Steve P was polite enough to apologize for highjacking a thread in the comments section.  No problem and apologies are unnecessary.  The comments section, in my opinion, is for the readers to hash things out.  If I have something to say, I have the luxury of the blog.

That said, it got me thinking.  Read the comments for yourself, but I know Kai and have met Steve (and read some of his stuff).  Both are intelligent and insightful.  I count Kai, FWIW, as a dear friend and a role model.  When she speaks, I listen.  Attentively.

In this discussion, from the outside, it was easy to see where both were discussing not quite the same thing.  Both right, both insightful... but both disagreeing.  Kai saw the source of the disconnect first...
Okay- I'm acting like the director at a fencing match, repeating back moves.  Irrelevant.  This is what it made me think:

I like debate and generally won't put any rules on it, especially between my friends, but I have my own rules, and this is how and why I debate.

There are debates/arguments either to find the truth or to prove who is better at arguing.  These are not the same thing and nearly mutually exclusive.  I only play the second in fun and with friends who know what I am doing- and as part of the exercise am willing to switch sides.
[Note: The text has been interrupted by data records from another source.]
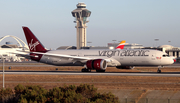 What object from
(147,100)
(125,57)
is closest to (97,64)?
(125,57)

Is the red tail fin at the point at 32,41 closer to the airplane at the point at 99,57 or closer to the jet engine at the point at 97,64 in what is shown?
the airplane at the point at 99,57

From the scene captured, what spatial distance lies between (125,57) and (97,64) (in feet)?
18.3

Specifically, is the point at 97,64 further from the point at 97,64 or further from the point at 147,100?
the point at 147,100

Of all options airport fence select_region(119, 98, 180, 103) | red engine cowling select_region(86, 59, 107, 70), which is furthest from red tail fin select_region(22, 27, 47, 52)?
airport fence select_region(119, 98, 180, 103)

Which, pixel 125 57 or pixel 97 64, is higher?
pixel 125 57

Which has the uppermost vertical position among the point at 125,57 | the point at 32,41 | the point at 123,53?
the point at 32,41

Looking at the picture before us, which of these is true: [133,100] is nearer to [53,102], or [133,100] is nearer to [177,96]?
[177,96]

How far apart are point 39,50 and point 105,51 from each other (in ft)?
46.0

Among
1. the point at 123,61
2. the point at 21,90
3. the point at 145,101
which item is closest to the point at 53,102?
the point at 21,90

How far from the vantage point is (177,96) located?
17172 mm

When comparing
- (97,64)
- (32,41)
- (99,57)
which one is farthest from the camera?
(32,41)

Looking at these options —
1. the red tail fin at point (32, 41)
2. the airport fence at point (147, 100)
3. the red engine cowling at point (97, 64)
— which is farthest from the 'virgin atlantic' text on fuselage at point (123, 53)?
the airport fence at point (147, 100)

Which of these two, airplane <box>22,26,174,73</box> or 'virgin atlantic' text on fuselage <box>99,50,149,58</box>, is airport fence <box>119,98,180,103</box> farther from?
'virgin atlantic' text on fuselage <box>99,50,149,58</box>

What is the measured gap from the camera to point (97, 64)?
152 ft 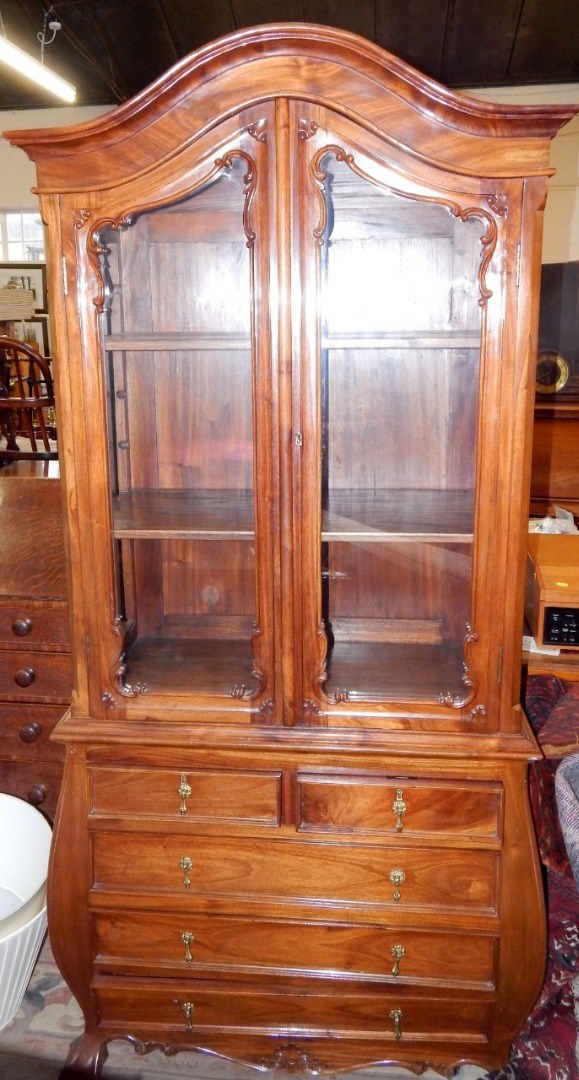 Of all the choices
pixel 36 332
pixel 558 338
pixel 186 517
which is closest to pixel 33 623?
pixel 186 517

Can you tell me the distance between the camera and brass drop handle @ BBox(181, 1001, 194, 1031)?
1505 millimetres

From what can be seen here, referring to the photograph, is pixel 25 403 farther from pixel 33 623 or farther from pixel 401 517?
pixel 401 517

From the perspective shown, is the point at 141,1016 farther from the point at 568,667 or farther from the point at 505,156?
the point at 505,156

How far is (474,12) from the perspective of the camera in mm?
3365

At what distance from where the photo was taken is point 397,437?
1.49 m

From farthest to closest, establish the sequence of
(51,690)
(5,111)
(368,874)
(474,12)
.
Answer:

When you are looking for truth, seek the common ground.  I actually pegged this working with schizophrenics.  If you argue about which parts of the world you see differently, both sides entrench and they get nowhere.  Start with what you can both see and move out gradually from there, when things start to diverge in small ways it is easier to see paths of logic and compare sources.

Don't get competitive.  The need to win can turn debate, which should be (IMO) a search for truth into a contest.  People cheat in a contest.  The reason I despise Socrates and admire Marcus Aurelius and Epictetus is that Socrates was using debate to make his drunk friends look stupid and the stoics were trying to teach people to live.

Listen.  If you follow any debate, watch for the point where the competitive one 'stays on message'- not dealing with what the other actually said, but answering only his own interpretation.  This is a subtle form of the "straw man", arguing against what you wished they had said instead of what they did say.  Listen.